Luís Carlos de Freitas, O
"Rei do Café" nos Cenários da Escravidão. Universidade Estadual de
Campinas, Instituto de Filosofia e Ciências Humanas, Programa de
Pós-Graduação de História, Mestrado em História Social da Cultura.
Campinas, Junho/2002.
Dados sobre o Vapor Golfinho
Lançamento: 1850
Incorporação: 8 de julho de 1850
Baixa: 19 de janeiro de 1857
Características:
Deslocamento: 330 ton.
Dimensões: 51.8 m de comprimento, 6.09 m de boca.
Propulsão: motor de 160 hp.
Armamento: 2 colubrinas de calibre 30.
Histórico:
O Vapor Golfinho, ex-Serpente, foi o segundo navio da Marinha do
Brasil a ostentar esse nome em homenagem ao Cetáceo Marinho
Delphinus Procoena. Foi construído no Estaleiro da Saúde no Rio de
Janeiro em 1850. Foi comprado de Tomás da Costa Ramos por
160:000$000. Foi submetido a Mostra de Armamento em 8 de julho de
1850. Naquela ocasião, assumiu o comando o Capitão-Tenente Henrique
Hoffsmith, nomeado em 2 de julho de 1850.

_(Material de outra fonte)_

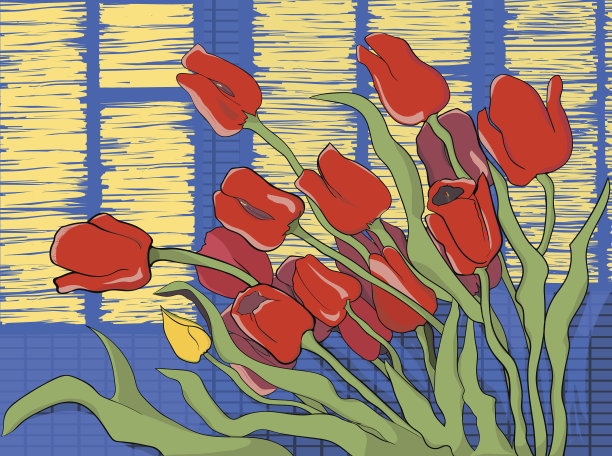 郁金香图片下载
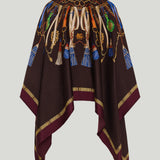 Etro wool-blend cape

O Golfinho, também figurou nas listas oficiais como Corveta a Vapor.
1851
Em 2 de fevereiro, aprisionou, na Marambaia, e conduziu para o Rio
de Janeiro 368 africanos, desembarcados de um Patacho, que encalhara
na restinga, acossado pela Corveta Bertioga e pelo Brigue-Escuna
Andorinha.
Em março, partiu do Rio de Janeiro, integrando a Esquadra sob o
comando do Chefe-de-Esquadra John Pascoe Grenfell, que bloqueou
Montevideo, para interceptar a retirada do caudilho Oribe, cujas
forças capitularam em 11 de outubro do mesmo ano.
1857
Deu baixa pelo Aviso de 19 de janeiro de 1857.